Harvey’s study employs BlackCrit, a critique of white supremacy and limits of multiculturalism, and a Black Storywork framing to explore the tools and strategies of resistance used by Black foster youth to subvert anti-Black policies and practices encountered during their primary schooling. The project employs focus groups, semi-structured interviews, and art-based methods to highlight Black foster youth collegians’ narratives of strength, liberation, and resistance.
The research offers insights into the educational experiences of Black foster youth and the challenges they face within the K-12 system. By identifying tools and strategies to subvert anti-Black policies, Harvey hopes the research will inform the development of more inclusive and supportive educational policies and practices and further a broader conversation on social justice and equity.
“Understanding how these students navigate and overcome obstacles can inform efforts to create a more equitable educational environment for all students,” Harvey says.

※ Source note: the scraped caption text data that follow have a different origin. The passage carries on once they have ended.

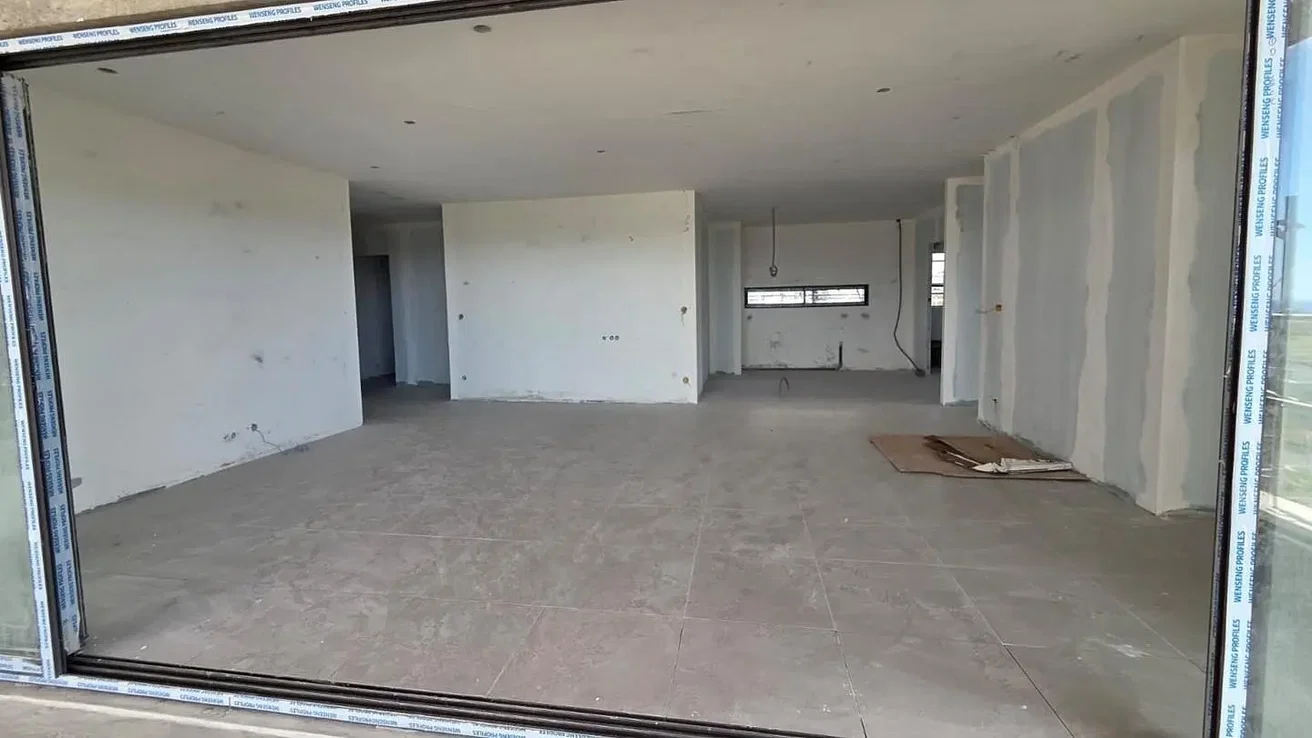 Wohnzimmer; fliesenboden, renovierungsbedürftig, tageslicht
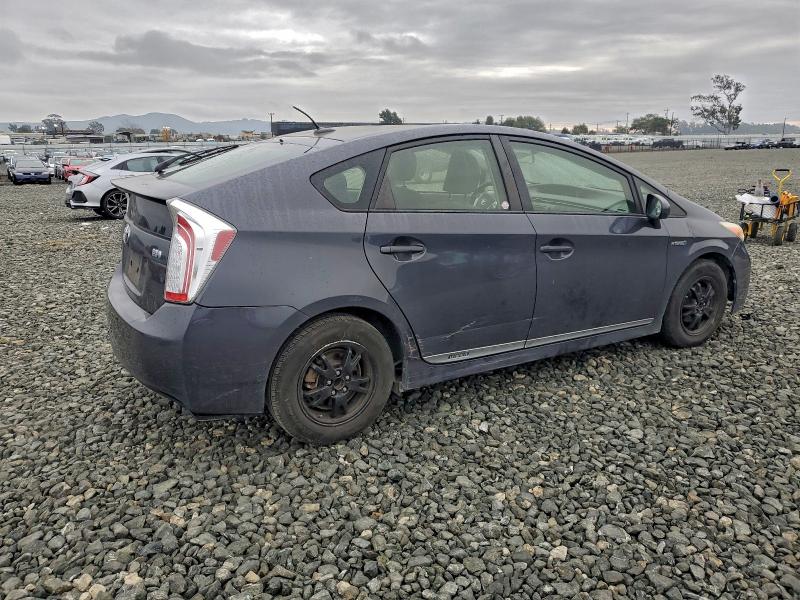 Photo 3 from auction – 2013 TOYOTA PRIUS with VIN JTDKN3DU4D5642674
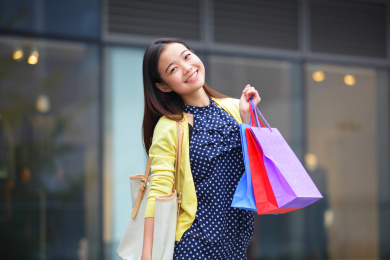 一个美丽的年轻女子愉快地购物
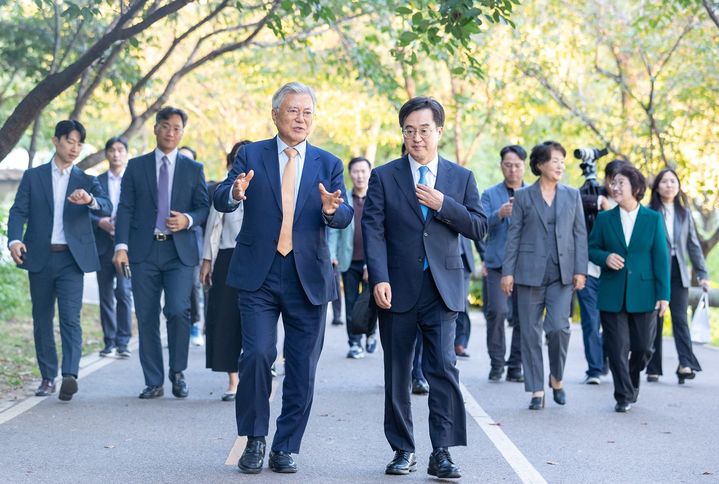 ▲ 지난 4일 오후 수원 광교호수공원에서 문재인 전 대통령과 김동연 경기도지사가 산책을 하고 있다. ⓒ경기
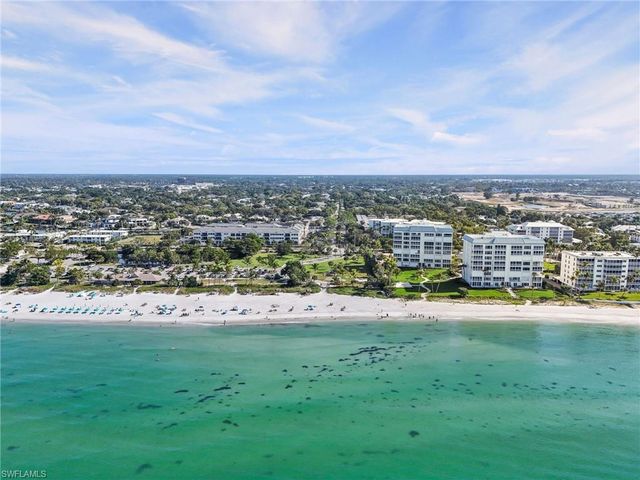 292 Banyan BLVD # 292, Naples, FL 34102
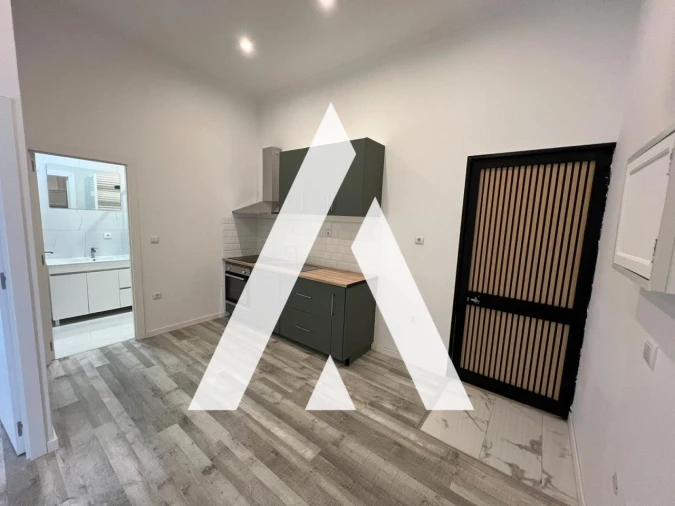 Apartamento T2 para Venda em Braga (Maximinos, Sé e Cividade) Foto 3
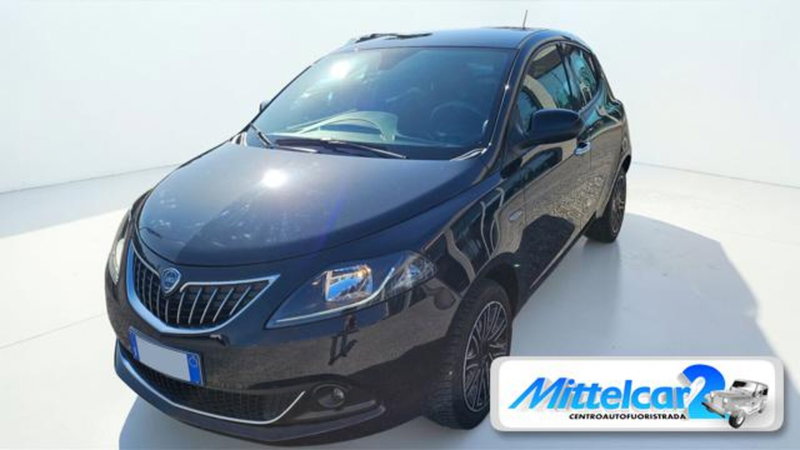 Lancia Ypsilon usata a Udine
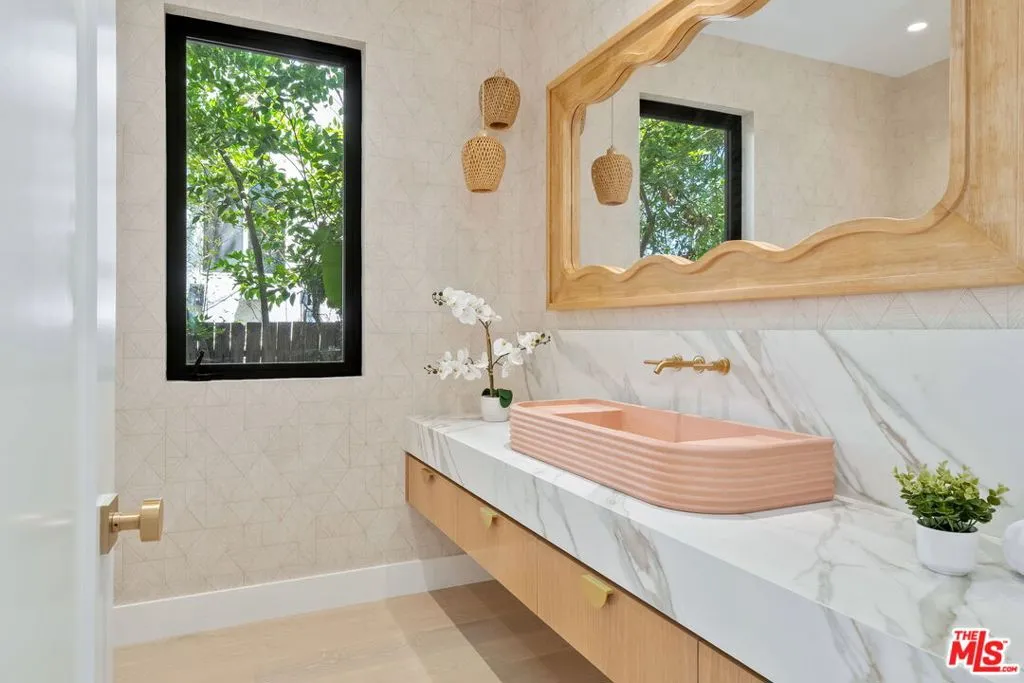 Los Angeles, California 90066, United States, 6 Bedrooms Bedrooms, ,5 BathroomsBathrooms,Residential,Active,154544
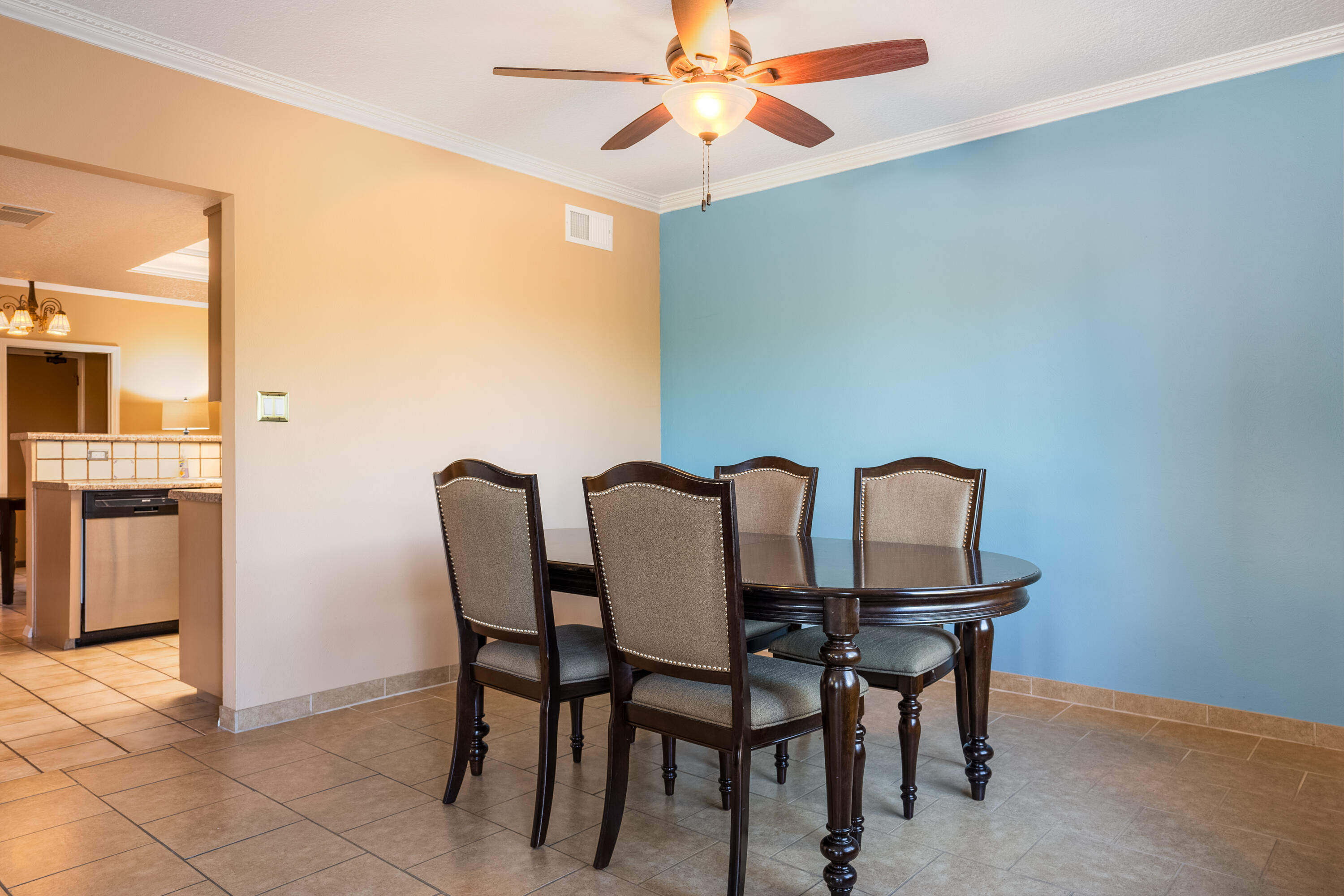 10216 OSO REDONDO NE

The research also aims to address a notable gap in existing literature on the under-researched topic of the educational experiences of Black foster youth. Harvey’s interdisciplinary research focuses on understanding how carceral systems perpetuate anti-Blackness through policies, practices, and mechanisms of control, impacting the lives of Black youth and their families. Using qualitative inquiry rooted in community, she aims to combat oppression by creating liberating spaces. Her earlier research interrogates the collusive partnership between schools and the foster system, highlighting the ways mandated reporting, exclusionary discipline policies and carceral practices impact the experiences of Black foster youth inside and outside of schools.
Harvey earned her Ph.D. in education in 2023 at the UCLA School of Education and Information Studies in the division of Urban Schooling. At UCLA, she was the recipient of the Inaugural Scholarship for the Study of Black Life, and the UCLA Education and Information Studies Award for Black Excellence. Harvey is also a recipient of the Ford Foundation Pre-Doctoral Fellowship.